2. Várias são as frentes de ação contra o trabalho escravo contemporâneo, este definido na redação do art. 149 do Código Penal ao prever como tipo penal condutas como no seu caput:
Reduzir alguém a condição análoga à de escravo, quer submetendo-o a trabalhos forçados ou a jornada exaustiva, quer sujeitando-o a condições degradantes de trabalho, quer restringindo, por qualquer meio, sua locomoção em razão de dívida contraída com o empregador ou preposto (grifo nosso).
3. Outra forma de combate ao trabalho escravo é a chamada desapropriação por interesse social. Nesse sentido, a nova redação do art. 243 da Constituição Federal, para prever a expropriação de propriedades urbanas e rurais onde se verifique a exploração do trabalho escravo, foi um importante avanço conquistado com a aprovação da Emenda Constitucional nº 81/2014. Para a aplicação desse dispositivo, há a exigência constitucional de lei reguladora. Por esse motivo, está em trâmite o PLS 432/2013.
4. Ocorre que, dentre outros obstáculos à efetividade desse louvável mecanismo para erradicação do trabalho escravo criados pelo referido Projeto de Lei, a tentativa de redefinição do trabalho escravo na redação do art. 1º, § 1º representa um grave retrocesso social.

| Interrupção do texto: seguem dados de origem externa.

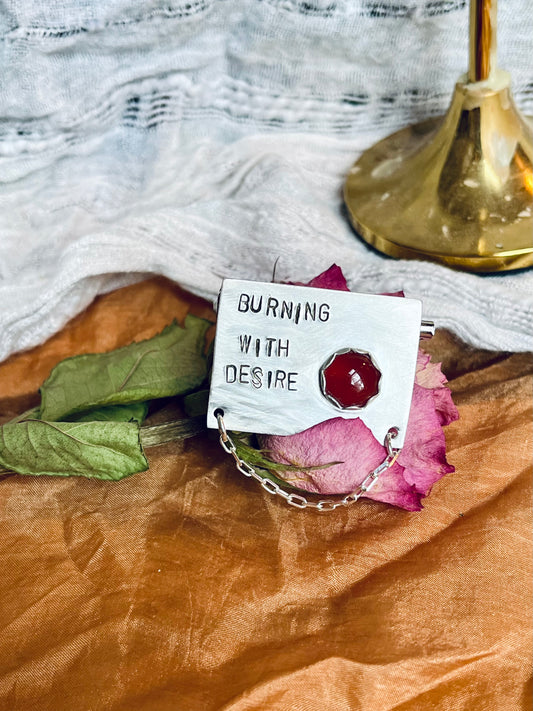 burning with desire brooch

5. Ao retirar do conceito de trabalho escravo as condutas relativas a submeter alguém a jornada exaustiva ou sujeita-lo a condições degradantes de trabalho, o PLS 432/2013 se não esvazia, retira muito da abrangência do conceito já consolidado pelo Código Penal. É importante ressaltar que não tratamos aqui de uma maior criminalização da conduta, mas sim de uma consequência civil: a desapropriação. E esse enfraquecimento do instituto civil tem por beneficiário principal o capital, aquele que não só se apropria do trabalho humano em jornada exaustiva ou em condições degradantes de trabalho, mas o faz sem aceitar qualquer punição social (“lista suja”) ou financeira (desapropriação por interesse social).
6. Assim, o mínimo esperado para uma República Democrática é o necessário debate e transparência sobre o que essa lei, à guisa de regulamentar um instituto tão caro ao combate ao trabalho escravo, pode representar se for aprovada nos termos em que será colocado em votação.

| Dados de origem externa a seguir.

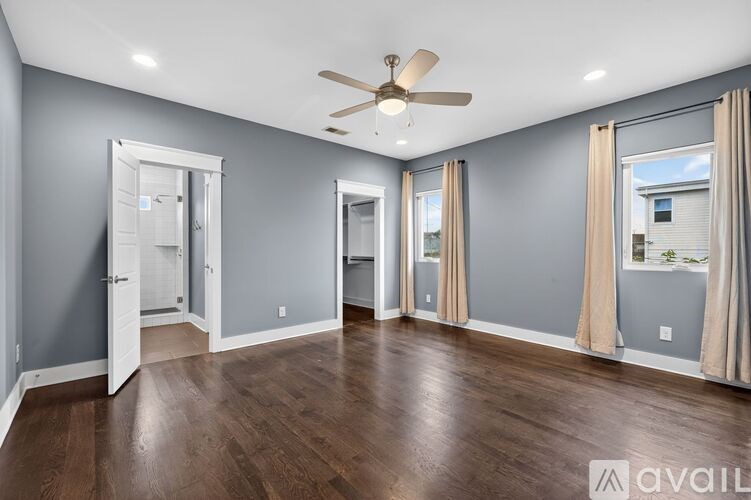 A spacious room with a ceiling fan and sliding glass doors.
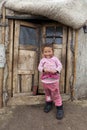 Mongolian child infront of Ger doors Royalty Free Stock Photo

7. Ressaltamos ainda que houve várias emendas no sentido de incluir as condutas relativas a submeter alguém a jornada exaustiva ou sujeita-lo a condições degradantes de trabalho na redação do art. 1º do Projeto de Lei, que não foram incluídas no texto proposto por supostamente constituírem termos fluidos, pelo que “não se recomenda a cristalização na lei”, conforme análise do Relator Senador Romero Jucá. O próprio Supremo Tribunal Federal já se manifestou sobre esses termos, pelo que não há nenhuma insegurança jurídica em questão, mas tão somente a permissão para que essas condutas continuem a subjugar os trabalhadores mais frágeis no nosso mercado de trabalho e, infelizmente, marcar mais uma vez a impunidade pelo descumprimento das normas trabalhistas e constitucionais brasileiras.

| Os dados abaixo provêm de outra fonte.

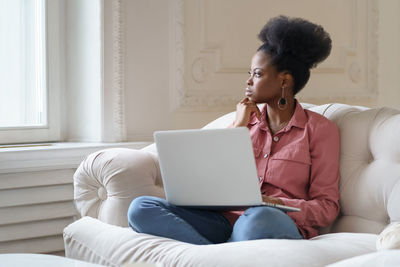 Woman looking away while sitting with laptop on sofa at home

8. Sem nenhuma explicação, o PLS 432/2013 é colocado na Ordem do Dia, sem a possibilidade de discussão e amadurecimento do debate sobre o tema, num período singularmente crítico da política brasileira e às vésperas do recesso. Frisamos que não houve na mídia aberta nenhuma notícia sobre a inclusão do PLS 432/2013 na pauta, o que inviabiliza qualquer mobilização popular.
9. É lamentável, enfim, que, vinte e sete anos após o restabelecimento formal do Estado de Direito, as discussões no Congresso Nacional não se traduzem em transparência e representatividade do povo brasileiro, mas apenas de uma minoria privilegiada.
A Associação Juízes para a Democracia vem a público para, de forma veemente, repudiar a postura acima indicada do Senado Federal e ratificar seu posicionamento em prol da ampla, profunda e necessária discussão acerca do trabalho escravo contemporâneo.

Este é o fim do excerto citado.